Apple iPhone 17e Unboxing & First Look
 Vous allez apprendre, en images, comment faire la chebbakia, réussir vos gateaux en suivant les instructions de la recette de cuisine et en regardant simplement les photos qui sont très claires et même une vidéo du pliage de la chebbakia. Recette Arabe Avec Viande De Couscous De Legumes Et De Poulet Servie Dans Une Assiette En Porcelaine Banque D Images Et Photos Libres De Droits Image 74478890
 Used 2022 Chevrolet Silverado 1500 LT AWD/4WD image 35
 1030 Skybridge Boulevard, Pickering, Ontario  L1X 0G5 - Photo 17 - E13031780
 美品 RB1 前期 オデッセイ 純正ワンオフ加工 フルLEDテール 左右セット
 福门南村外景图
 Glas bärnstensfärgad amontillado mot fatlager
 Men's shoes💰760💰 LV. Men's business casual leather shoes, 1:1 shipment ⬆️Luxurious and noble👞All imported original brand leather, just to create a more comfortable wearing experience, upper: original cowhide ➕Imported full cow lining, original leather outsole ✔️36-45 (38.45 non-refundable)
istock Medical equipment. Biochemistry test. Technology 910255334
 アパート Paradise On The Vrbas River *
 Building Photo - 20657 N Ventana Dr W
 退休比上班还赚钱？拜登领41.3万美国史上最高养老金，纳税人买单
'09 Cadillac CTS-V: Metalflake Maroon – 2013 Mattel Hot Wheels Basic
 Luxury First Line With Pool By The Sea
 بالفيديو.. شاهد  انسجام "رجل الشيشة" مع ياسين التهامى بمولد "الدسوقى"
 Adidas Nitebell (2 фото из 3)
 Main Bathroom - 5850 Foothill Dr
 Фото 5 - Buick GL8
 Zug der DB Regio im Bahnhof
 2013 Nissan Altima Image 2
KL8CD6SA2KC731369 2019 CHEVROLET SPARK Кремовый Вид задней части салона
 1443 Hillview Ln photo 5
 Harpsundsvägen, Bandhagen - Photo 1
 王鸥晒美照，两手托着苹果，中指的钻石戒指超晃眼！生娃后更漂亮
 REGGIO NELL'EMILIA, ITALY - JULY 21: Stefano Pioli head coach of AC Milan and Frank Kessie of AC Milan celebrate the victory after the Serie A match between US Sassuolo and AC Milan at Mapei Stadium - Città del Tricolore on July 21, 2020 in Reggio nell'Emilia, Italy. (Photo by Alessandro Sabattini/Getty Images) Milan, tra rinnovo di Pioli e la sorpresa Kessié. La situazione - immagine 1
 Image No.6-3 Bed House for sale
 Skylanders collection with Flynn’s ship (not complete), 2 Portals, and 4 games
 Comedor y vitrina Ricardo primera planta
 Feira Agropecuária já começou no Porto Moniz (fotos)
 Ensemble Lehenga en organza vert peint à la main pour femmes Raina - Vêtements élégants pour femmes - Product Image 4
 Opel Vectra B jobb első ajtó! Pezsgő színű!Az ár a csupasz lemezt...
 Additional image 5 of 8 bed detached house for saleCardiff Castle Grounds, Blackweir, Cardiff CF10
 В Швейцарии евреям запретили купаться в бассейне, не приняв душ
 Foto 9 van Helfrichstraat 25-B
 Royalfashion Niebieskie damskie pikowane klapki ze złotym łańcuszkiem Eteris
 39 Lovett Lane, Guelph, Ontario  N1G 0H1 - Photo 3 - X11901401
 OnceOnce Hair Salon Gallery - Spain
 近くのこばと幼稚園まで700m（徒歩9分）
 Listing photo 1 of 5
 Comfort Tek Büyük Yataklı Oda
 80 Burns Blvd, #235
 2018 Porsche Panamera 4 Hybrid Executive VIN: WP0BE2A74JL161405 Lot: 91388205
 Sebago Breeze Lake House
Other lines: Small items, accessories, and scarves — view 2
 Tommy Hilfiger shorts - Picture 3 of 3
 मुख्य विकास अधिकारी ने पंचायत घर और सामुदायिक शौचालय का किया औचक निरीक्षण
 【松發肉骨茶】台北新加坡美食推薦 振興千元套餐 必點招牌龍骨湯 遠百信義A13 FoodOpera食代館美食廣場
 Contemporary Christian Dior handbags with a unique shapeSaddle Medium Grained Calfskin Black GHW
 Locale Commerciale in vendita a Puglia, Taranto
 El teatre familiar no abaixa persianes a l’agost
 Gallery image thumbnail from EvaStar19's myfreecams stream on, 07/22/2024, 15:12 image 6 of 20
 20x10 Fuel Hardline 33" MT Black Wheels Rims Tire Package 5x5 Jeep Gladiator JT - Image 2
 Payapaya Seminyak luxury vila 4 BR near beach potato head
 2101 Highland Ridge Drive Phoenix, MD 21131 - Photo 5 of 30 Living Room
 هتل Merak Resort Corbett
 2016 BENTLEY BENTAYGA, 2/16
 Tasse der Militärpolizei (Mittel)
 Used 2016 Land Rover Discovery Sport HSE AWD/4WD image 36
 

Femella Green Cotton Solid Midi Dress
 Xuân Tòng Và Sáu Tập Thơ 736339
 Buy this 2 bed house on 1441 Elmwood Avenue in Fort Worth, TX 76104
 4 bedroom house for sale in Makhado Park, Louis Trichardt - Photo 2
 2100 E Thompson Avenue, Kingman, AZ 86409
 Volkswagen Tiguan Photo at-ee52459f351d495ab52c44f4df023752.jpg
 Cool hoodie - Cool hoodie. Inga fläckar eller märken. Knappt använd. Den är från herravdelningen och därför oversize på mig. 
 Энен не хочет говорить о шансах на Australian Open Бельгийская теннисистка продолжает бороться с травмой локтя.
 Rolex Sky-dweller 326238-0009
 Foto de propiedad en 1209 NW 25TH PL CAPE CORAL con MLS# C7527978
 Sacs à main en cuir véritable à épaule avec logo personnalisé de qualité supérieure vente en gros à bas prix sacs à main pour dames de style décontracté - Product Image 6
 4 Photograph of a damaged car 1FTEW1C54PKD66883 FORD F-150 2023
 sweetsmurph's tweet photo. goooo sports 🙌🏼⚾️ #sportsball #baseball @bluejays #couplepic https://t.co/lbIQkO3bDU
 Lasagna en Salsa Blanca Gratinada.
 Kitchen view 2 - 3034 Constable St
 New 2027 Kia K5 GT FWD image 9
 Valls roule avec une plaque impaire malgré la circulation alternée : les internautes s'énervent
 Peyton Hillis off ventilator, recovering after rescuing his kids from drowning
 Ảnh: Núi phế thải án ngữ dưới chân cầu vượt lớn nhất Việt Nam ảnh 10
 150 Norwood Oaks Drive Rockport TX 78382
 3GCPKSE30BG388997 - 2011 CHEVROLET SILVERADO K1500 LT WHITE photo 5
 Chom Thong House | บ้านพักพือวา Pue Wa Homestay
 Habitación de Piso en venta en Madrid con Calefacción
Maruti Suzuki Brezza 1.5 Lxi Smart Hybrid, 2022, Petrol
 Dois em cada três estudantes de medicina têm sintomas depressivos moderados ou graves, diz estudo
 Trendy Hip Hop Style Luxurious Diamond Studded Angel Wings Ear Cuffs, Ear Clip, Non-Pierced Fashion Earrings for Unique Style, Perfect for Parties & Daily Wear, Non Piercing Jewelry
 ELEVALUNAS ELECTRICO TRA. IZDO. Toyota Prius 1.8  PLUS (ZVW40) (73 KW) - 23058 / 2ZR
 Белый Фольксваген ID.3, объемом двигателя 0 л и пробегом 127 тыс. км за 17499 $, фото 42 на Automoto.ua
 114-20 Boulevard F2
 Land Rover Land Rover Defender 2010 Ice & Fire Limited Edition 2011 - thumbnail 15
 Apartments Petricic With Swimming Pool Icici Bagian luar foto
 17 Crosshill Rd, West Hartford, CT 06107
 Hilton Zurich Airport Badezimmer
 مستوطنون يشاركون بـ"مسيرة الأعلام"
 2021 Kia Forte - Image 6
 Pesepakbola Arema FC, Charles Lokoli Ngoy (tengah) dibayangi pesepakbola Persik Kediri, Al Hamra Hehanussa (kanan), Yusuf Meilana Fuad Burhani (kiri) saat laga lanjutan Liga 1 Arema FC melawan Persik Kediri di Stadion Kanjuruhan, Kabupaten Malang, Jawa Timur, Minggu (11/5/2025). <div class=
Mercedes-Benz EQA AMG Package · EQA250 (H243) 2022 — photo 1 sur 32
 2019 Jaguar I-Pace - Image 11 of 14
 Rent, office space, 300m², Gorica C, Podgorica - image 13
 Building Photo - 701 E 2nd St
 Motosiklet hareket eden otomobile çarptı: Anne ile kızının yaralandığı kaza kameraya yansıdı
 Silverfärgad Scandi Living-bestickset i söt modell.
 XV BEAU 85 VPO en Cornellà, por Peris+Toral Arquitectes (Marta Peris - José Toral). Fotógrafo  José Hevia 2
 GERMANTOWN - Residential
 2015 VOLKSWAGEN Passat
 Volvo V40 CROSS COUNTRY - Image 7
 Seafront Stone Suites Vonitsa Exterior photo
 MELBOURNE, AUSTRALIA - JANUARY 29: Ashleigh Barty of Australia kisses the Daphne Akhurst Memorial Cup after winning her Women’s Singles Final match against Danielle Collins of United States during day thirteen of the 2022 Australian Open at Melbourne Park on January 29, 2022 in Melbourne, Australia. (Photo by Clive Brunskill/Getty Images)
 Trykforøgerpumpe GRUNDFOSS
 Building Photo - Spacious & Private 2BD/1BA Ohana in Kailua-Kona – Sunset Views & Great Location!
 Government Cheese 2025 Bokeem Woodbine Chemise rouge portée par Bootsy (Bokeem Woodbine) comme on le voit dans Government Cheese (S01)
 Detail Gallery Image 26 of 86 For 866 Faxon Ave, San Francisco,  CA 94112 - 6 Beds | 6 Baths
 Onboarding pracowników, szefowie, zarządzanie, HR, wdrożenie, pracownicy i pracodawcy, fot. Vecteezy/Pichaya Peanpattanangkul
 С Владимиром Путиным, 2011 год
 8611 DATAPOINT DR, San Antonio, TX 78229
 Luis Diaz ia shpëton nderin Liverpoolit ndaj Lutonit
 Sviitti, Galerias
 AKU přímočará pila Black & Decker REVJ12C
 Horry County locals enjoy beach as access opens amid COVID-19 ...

* What to work on: Write down again, exactly as given, only the lines above that fall from the line with "Seafront Stone Suites Vonitsa Exterior photo" to the line with "Trykforøgerpumpe GRUNDFOSS", inclusive.

* Reply to the exercise:
 Seafront Stone Suites Vonitsa Exterior photo
 MELBOURNE, AUSTRALIA - JANUARY 29: Ashleigh Barty of Australia kisses the Daphne Akhurst Memorial Cup after winning her Women’s Singles Final match against Danielle Collins of United States during day thirteen of the 2022 Australian Open at Melbourne Park on January 29, 2022 in Melbourne, Australia. (Photo by Clive Brunskill/Getty Images)
 Trykforøgerpumpe GRUNDFOSS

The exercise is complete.